Just like that, the Rattlers won 22-19 on Nov. 6, as FAMU running back Philip Sylvester burst through for a 14-yard touchdown.
A much, much-needed bye has followed for North Carolina A&T (1-9, 1-6 in the Mid-Eastern Athletic Conference), giving walking wounded like running backs Mike Mayhew and Dominique Drake time to recover.
“Thank God for a week off,” North Carolina A&T coach Alonzo Lee said. “Ten straight games, that’s any team’s nightmare. We’re a little banged up and dinged up. Hopefully during this bye week, we’ll be able to rehab them and get them ready for the next game against South Carolina State.”
A&T faces the second-place Bulldogs at home on Nov. 20. That’s perhaps why, for all the benefits, there remains some soul searching.
The Aggies, admittedly, had other opportunities against Florida A&M, times when receivers dropped the ball — or when North Carolina A&T’s quarterback made critical errors. (Rattlers linebacker Brandon Hepburn pulled down two interceptions.) The Aggies’ defense held FAMU to a pair of second-half field goals.

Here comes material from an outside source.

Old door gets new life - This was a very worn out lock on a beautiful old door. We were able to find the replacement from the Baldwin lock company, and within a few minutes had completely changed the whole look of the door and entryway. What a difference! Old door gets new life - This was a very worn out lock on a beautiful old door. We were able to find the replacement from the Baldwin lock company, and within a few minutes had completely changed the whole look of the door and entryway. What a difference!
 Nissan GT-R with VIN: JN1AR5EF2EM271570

But penalties kept halting their progress: A&T’s final drive before the half was slowed by an illegal use of hands flag. Its overtime drive stalled on a delay-of-game call.
In the end, the Aggies couldn’t find a way to stop surprise starter Austin Trainor, a third-string redshirt freshman inserted with just three games left in the season after torching the No. 2 defense in the country during a spirited practice session. Trainor completed 16-of-35 passes, and threw a touchdown — though he was also forced into two interceptions.
Still, despite their mightly struggles, North Carolina A&T initially jumped out to an early 13-7 lead in the first quarter, after a 5-yard touchdown run by senior quarterback George Hines. That’s something to build on as the Aggies prepare for South Carolina State, which could be vying for an at-large FCS playoff bid by the time A&T retakes the field.